で、耳触りだけはいい、上澄みだけすくったような薄いテク載せて、ゆくゆくは文章講座とか謎のセミナー開いて鬼の課金させて骨までしゃぶるだけ。
世阿弥も言ってるんですよ「秘すれば花」って。 秘めるからこそ花になる、 秘めねば花の価値はないに等しい。一言で言えば文章術の本は「品がねえ」。あんなもん喫茶店でマルチ商法か宗教勧誘してるやつと変わんねぇんだよ好きだった超絶かわいい同級生から
「久しぶり…二人きりで会えないかな…?」
って言われて死ぬほど興奮して行ったらゴリゴリの勧誘だった時の俺の気持ちがお前らに分かんのか?腹立つクソが…

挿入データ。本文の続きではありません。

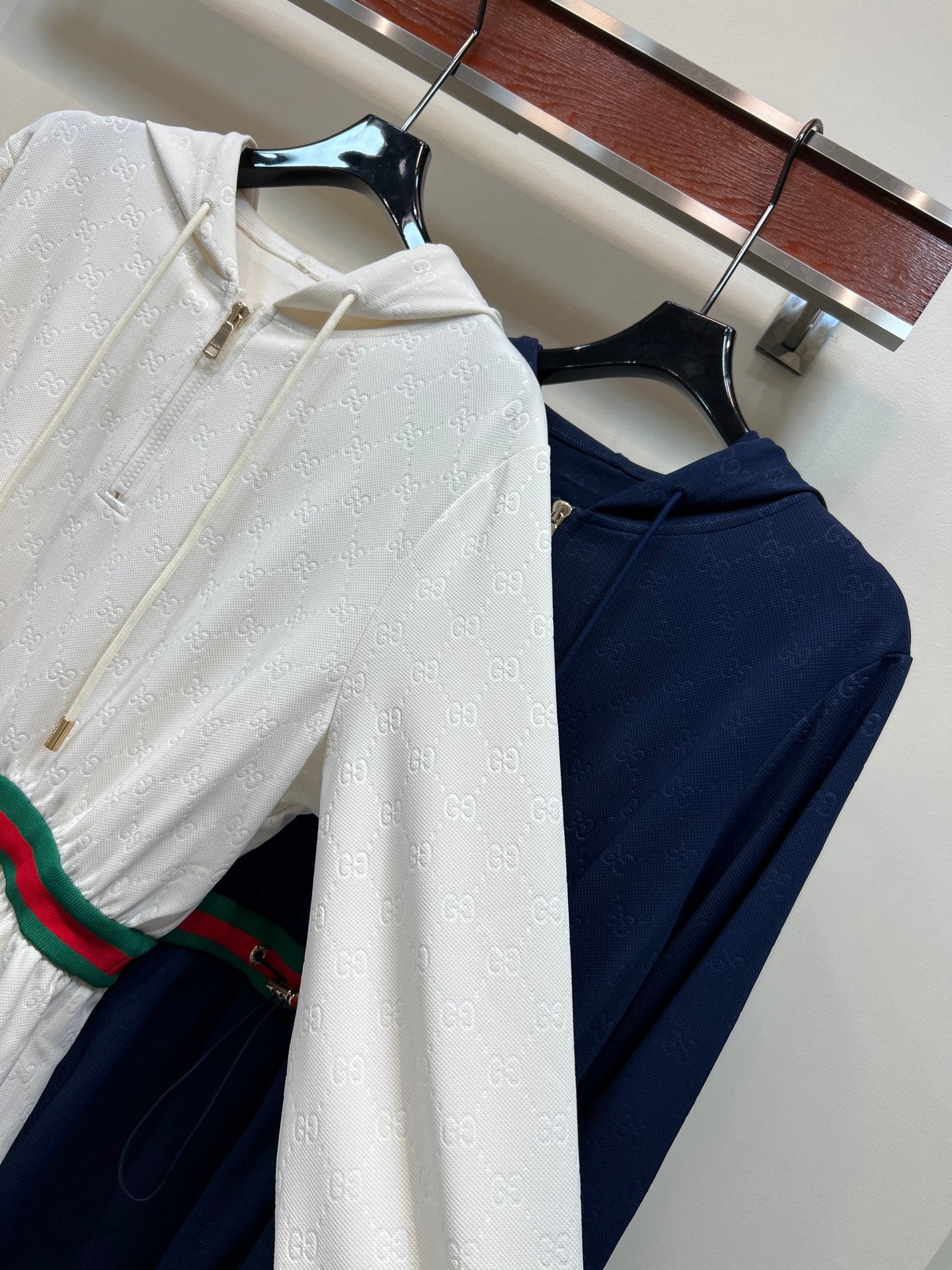 GU  Dress Sport Hoodie  2 Color 's Limited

などとキレてたんですが、このたび「文章術の本」を出版することになりました。
この世に存在する全ての文章術の本を終わらせたい。
文章術の本を誰よりも忌み嫌っている私だからこそ書ける、ぐうの音も出ない完璧な文章術の本が完成しました。
10年間ブログを書いて培ってきた、考え方、技、性癖、全てをさらけ出しています。文字通り「全て」を。

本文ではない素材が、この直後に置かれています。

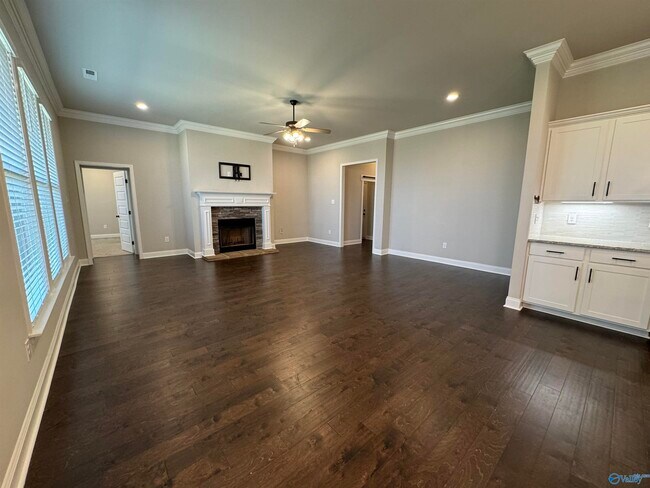 Building Photo - 115 Midpark Dr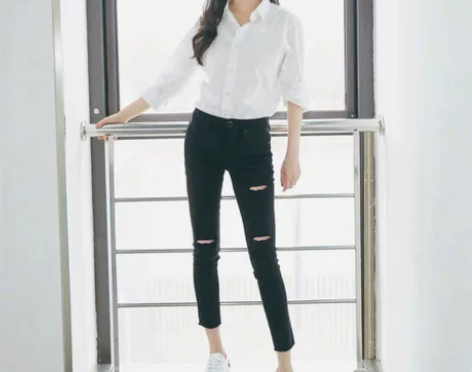 高腰设计感破洞牛仔裤女2022年新款黑色显...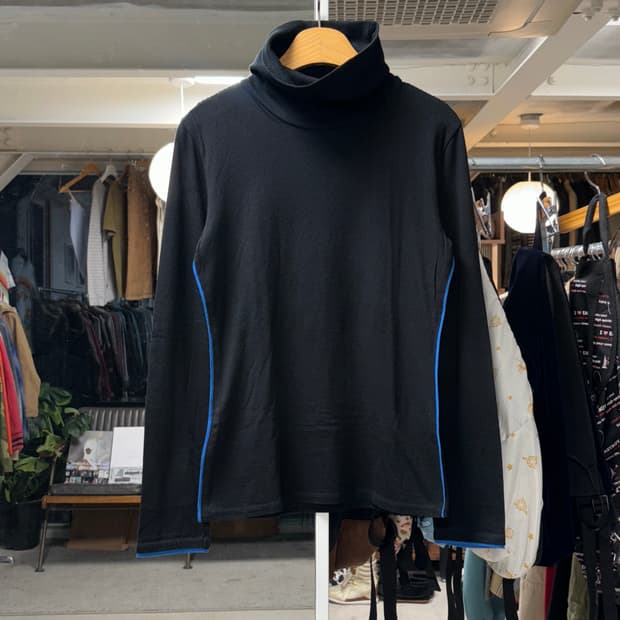 아츠로 타야마 하이넥 니트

「この日記の、この部分は、このタイミングで、こういう言い回しをすればウケると思って、こう書きました」
「この感想の、この部分は、このテクニックを使えば、たくさんの人に共感されると思って、こう書きました」
書く前に、書いている最中に、脳内で考えてること、なにもかも書いてます。
本当に苦痛でした。どうウケたかを説明するのなんてこの世で最もダサい行為。気を失うほどダサい。生き恥以外の何者でもない。しかし歯を食いしばり全てをさらけ出しました。

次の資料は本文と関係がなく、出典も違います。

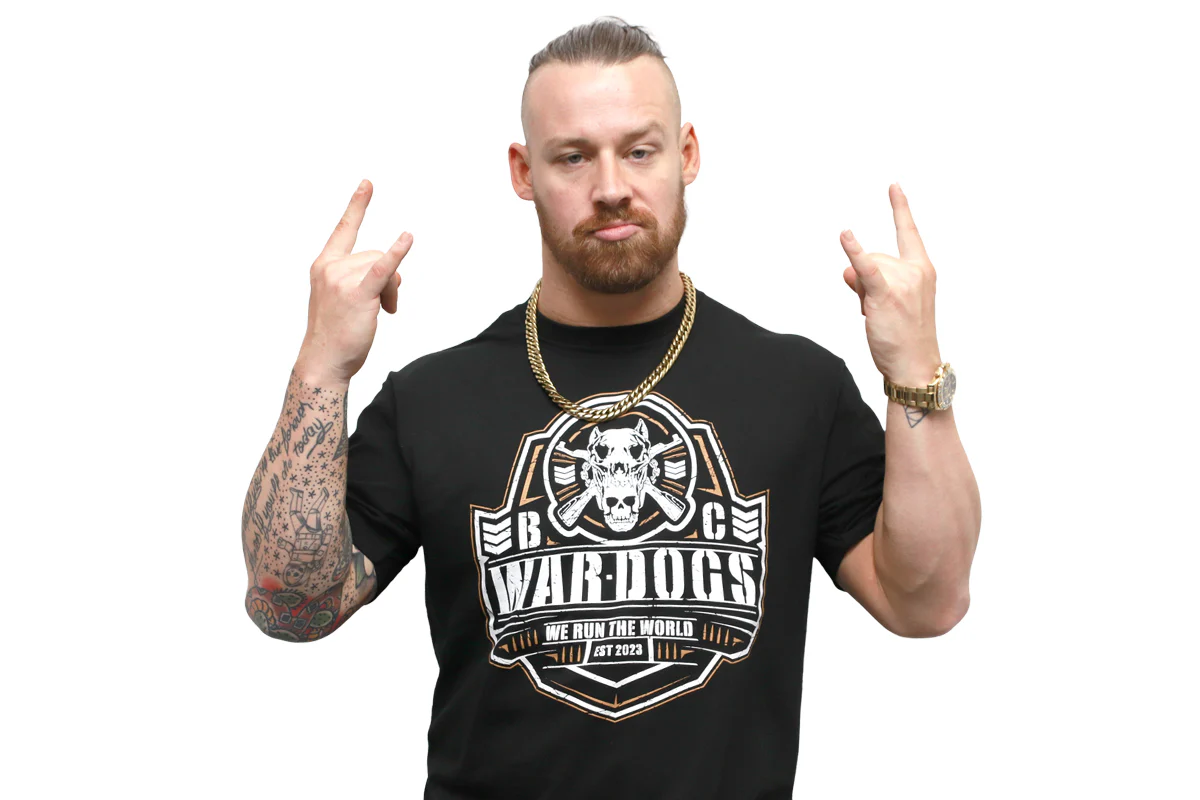BULLET CLUB WAR DOGS「WE RUN THE WORLD」Tシャツ(ブラック×ゴールド)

つまり、これは文章術の本ではなく「全裸本」、「ヌード文章本」です。
この本が発売した時点でブログ『kansou』は終わったと言っていいでしょう。
今までは勢いだけで狂って書いてると思わせていたのに、これから書く文章は全て「そういう目」で見られかねません。
「うわあ、またあのテクニックやってるよ」
「あー、本で言ってたあのパターンね。はいはい」
夢が醒めてしまう。完全に廃業です。
それでも、この本を完成させようと思ったのはこれを読んで少しでも「今日、俺すごい良い文章書けたな…」「私の書いた文章めっちゃ面白いな…」と思ってもらいたいから…
世界を素晴らしい文章であふれさせたい…それくらい「文章」そのものを愛しています。そのためだったらこんなふざけたブログなど、いくらでも踏み台にしてくれていい…
あと、どうしても本を出した事実がほしかった。『王様のブランチ』のBOOKコーナーで特集されたい。そしてワイプに映る佐藤栞里ちゃんに俺の本で笑ってもらいたい。むしろそれだけのために書いたと言ってもいい。これはブランチ本です。
死ぬほど面白いのに、死ぬほど役に立つ、読むバケモノ『書けないんじゃない、考えてないだけ。』は、店頭では5月20日発売です。